Um indicativo desse movimento oposto são os dados divulgados pelo Instituto do Homem e Meio Ambiente da Amazônia (Imazon). Eles mostram que, no mesmo mês da promessa feita na Cúpula do Clima, a área desmatada na região foi de 778 km², maior número registrado no mês de abril nos últimos 10 anos. O número ainda seria superado com folga no mês seguinte: em maio deste ano, uma área igual ao município do Rio de Janeiro, com 1.125 km² de extensão, foi desmatada. Um dia após o discurso, o presidente aprovou corte de 24% no orçamento destinado para o ambiente em 2021.
Joga contra o Brasil o fato que o país não detalhou como ou quando pretende cumprir a promessa feita na Cúpula do Clima. Também não apresentou ainda um plano para realizar o prometido no Acordo de Paris.
Em entrevista ao Bitniks, Natalie Unterstell, diretora do projeto Política por Inteiro, que monitora e analisa as ações do Executivo e Legislativo Federal na política de meio ambiente e clima, disse que “hoje o Brasil caminha para a devastação, para muito perto do ponto de não retorno, do colapso da Floresta Amazônica”. Ela ressaltou o dado de que quase 100% do desmatamento na região é ilegal.
Ao mesmo tempo em que o país promete mundialmente zerar o desmatamento ilegal, uma série de escândalos envolvendo o ex-ministro do Meio Ambiente, Ricardo Salles, veio à tona. Ele é alvo de investigação criminal por atuação ilegal com madeireiros e foi exonerado do cargo por envolvimento com crimes ambientais. Joaquim Alvaro Pereira Leite assumiu a pasta desde de então.
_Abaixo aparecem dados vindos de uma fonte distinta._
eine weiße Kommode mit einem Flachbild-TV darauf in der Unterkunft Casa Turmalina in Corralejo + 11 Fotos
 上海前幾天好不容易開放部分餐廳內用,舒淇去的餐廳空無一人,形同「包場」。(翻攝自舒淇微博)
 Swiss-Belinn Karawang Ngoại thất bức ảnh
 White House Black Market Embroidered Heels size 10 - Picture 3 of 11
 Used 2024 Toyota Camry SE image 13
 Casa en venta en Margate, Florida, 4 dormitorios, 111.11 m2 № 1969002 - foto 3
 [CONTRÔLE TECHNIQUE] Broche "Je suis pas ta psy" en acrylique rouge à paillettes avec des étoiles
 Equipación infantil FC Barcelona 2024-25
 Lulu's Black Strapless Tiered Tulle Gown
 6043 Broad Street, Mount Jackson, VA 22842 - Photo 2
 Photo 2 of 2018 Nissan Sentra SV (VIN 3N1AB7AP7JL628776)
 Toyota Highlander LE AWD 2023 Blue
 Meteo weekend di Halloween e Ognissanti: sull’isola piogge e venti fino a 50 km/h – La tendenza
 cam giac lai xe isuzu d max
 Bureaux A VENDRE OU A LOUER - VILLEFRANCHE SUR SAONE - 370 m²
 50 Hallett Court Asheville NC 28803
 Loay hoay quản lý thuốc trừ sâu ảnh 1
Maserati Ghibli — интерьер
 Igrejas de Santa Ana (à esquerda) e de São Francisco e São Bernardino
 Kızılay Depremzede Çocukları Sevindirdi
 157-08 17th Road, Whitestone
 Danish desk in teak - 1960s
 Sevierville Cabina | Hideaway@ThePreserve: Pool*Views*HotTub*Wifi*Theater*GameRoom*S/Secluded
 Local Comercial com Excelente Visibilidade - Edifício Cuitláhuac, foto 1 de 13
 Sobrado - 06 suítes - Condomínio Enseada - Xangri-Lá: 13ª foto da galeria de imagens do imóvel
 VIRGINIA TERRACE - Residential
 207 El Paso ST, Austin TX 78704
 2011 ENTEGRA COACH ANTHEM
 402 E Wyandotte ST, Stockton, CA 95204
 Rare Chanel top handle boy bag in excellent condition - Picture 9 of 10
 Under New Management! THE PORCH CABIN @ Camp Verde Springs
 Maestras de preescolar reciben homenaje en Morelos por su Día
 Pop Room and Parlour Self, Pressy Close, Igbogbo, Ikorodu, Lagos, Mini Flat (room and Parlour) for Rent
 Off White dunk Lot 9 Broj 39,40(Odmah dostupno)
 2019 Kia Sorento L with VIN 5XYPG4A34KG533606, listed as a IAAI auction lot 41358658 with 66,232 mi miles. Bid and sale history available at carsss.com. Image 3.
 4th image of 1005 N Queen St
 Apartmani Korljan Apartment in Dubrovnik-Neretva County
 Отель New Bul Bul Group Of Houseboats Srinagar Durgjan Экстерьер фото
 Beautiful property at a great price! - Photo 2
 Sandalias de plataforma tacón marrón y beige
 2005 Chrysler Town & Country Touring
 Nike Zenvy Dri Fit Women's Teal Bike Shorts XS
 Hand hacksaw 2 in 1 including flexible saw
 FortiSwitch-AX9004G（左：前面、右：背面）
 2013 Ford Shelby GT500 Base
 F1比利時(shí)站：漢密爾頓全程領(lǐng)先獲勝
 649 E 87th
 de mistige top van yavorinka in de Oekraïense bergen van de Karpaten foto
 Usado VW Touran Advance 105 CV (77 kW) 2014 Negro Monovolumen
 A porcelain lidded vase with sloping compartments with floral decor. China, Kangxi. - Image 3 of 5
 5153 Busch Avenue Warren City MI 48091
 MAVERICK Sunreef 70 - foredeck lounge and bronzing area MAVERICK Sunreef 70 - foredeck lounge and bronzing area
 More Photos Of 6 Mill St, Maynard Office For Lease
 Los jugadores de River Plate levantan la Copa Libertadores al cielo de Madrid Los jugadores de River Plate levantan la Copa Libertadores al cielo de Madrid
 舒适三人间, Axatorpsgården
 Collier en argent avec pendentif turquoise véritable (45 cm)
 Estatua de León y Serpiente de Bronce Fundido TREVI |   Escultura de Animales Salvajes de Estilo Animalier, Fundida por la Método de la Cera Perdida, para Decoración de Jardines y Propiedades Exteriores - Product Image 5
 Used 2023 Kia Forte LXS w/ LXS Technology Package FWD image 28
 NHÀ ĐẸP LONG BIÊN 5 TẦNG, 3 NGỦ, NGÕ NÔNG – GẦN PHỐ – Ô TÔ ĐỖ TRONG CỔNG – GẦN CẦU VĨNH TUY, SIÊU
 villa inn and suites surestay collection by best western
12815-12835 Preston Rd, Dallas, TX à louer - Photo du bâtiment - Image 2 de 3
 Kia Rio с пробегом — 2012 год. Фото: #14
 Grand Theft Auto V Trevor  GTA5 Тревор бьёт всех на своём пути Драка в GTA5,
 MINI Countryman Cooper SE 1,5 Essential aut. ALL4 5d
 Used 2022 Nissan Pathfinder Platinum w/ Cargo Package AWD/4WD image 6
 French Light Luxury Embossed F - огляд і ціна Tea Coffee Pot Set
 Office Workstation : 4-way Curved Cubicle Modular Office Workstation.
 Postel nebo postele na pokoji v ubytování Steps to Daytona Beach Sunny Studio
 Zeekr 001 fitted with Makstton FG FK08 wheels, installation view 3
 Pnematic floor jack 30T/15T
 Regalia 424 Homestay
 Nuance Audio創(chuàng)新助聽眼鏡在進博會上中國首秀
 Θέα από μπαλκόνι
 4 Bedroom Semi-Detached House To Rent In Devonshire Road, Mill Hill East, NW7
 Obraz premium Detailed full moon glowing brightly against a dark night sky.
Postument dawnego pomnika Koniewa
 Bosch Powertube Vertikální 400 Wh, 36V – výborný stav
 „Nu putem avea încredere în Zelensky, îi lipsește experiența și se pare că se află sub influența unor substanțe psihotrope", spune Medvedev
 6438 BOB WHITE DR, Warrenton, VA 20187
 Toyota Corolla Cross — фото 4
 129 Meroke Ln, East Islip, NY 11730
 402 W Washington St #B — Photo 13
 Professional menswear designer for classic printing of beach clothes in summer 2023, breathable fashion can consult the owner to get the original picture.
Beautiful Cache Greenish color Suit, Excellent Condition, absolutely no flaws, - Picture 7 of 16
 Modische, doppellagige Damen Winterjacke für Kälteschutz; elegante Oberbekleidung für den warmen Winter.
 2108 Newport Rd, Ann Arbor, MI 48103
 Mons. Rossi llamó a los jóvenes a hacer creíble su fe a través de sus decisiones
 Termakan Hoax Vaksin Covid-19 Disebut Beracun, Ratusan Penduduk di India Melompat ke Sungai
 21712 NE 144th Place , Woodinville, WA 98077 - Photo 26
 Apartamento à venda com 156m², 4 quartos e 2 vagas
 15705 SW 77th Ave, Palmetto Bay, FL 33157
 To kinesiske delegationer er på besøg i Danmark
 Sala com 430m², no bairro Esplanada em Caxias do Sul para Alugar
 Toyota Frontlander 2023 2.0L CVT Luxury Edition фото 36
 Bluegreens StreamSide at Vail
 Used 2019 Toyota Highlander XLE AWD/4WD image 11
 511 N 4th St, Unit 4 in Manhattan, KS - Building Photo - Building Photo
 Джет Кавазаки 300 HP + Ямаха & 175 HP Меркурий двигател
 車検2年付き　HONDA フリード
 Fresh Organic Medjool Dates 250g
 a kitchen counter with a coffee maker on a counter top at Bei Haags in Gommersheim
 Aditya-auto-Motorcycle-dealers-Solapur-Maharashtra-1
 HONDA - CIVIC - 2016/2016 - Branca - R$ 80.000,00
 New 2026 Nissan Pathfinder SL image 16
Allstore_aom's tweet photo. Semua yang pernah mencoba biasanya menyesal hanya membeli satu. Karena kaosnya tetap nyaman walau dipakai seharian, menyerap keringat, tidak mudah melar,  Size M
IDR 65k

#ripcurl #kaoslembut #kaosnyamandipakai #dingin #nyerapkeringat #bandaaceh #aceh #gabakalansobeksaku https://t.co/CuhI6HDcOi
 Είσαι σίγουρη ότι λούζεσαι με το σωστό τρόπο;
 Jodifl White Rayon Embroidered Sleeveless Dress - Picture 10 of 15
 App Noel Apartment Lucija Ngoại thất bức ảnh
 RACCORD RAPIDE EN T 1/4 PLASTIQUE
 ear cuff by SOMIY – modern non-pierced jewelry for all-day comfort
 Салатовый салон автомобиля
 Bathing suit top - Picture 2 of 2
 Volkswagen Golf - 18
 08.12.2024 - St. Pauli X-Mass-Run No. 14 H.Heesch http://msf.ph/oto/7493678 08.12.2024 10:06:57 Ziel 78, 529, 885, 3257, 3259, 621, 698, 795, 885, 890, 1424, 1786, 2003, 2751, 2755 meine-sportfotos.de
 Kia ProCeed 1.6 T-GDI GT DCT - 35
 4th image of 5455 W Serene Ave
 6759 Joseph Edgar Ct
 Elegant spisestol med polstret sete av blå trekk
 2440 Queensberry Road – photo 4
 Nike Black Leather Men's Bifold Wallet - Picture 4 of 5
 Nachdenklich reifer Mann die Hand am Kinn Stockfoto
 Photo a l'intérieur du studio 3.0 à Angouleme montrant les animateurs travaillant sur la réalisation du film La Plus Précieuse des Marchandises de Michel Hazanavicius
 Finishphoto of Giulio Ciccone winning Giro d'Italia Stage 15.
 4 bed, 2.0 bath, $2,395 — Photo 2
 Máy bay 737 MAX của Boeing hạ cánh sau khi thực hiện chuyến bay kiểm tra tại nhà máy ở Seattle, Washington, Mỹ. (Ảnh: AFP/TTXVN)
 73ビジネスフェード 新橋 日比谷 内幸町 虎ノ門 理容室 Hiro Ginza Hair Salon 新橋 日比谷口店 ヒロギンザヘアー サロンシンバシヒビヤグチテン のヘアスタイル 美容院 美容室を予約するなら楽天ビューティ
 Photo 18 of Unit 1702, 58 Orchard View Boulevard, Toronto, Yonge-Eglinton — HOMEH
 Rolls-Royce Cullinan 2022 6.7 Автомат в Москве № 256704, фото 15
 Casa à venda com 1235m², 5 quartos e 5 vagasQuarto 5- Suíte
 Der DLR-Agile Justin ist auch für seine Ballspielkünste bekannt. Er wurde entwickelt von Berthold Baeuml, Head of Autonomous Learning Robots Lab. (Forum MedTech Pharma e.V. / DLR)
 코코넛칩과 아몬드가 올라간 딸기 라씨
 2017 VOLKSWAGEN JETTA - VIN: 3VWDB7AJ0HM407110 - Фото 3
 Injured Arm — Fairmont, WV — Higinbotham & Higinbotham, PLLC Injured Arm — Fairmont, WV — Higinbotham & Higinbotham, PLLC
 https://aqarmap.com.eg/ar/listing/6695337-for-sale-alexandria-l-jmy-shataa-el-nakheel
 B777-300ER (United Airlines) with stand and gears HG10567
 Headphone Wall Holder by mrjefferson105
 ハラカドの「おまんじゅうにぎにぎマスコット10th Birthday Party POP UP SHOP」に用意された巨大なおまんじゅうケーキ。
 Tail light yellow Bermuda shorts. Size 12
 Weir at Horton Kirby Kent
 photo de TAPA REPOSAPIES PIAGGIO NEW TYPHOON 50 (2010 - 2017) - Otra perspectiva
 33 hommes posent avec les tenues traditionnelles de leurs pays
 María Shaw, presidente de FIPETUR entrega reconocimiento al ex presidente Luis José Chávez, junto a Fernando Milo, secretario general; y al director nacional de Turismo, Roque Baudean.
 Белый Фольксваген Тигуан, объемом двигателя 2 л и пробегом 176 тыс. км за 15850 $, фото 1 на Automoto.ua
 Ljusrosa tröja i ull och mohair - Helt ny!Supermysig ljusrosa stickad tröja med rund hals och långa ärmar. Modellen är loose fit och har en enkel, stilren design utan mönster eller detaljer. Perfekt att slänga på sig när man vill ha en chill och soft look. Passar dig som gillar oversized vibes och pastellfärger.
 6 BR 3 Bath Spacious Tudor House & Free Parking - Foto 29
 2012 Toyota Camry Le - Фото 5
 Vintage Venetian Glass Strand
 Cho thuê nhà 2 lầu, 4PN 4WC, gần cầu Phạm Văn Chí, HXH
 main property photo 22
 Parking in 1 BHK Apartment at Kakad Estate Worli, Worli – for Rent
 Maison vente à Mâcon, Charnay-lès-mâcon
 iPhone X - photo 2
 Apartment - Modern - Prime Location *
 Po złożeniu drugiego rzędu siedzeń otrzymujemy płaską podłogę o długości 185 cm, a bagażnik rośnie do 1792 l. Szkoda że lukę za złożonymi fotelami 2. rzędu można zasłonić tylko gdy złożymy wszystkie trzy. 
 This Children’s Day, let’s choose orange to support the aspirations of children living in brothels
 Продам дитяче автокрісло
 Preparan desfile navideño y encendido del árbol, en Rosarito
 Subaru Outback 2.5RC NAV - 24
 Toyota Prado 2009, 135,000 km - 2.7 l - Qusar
A gestão de Salles foi marcada pelo conflito com inúmeras entidades de conservação ambiental e especialistas. O ex-ministro fez diversos ataques às ONGs, interrompeu o Fundo Amazônia, que captava recursos internacionais para preservação da área, assistiu a recordes nos números de desmatamento e queimadas, reduziu a equipe do Conselho Nacional do Meio Ambiente (Conama) e mais uma série de ações que afastaram a sociedade organizações da proteção ao bioma, reiterando o poder do governo.
Marina Silva, ex-ministra do Meio Ambiente, explicou em entrevista via Skype para o Bitniks que, apesar da promessa do presidente na Cúpula do Clima, hoje o país não tem como cumprir essas ações. “Quando se analisa o acumulado de desmatamento dentro das unidades de conservação do Governo Federal, se vê que a região teve um aumento do desmatamento de 129%”, diz.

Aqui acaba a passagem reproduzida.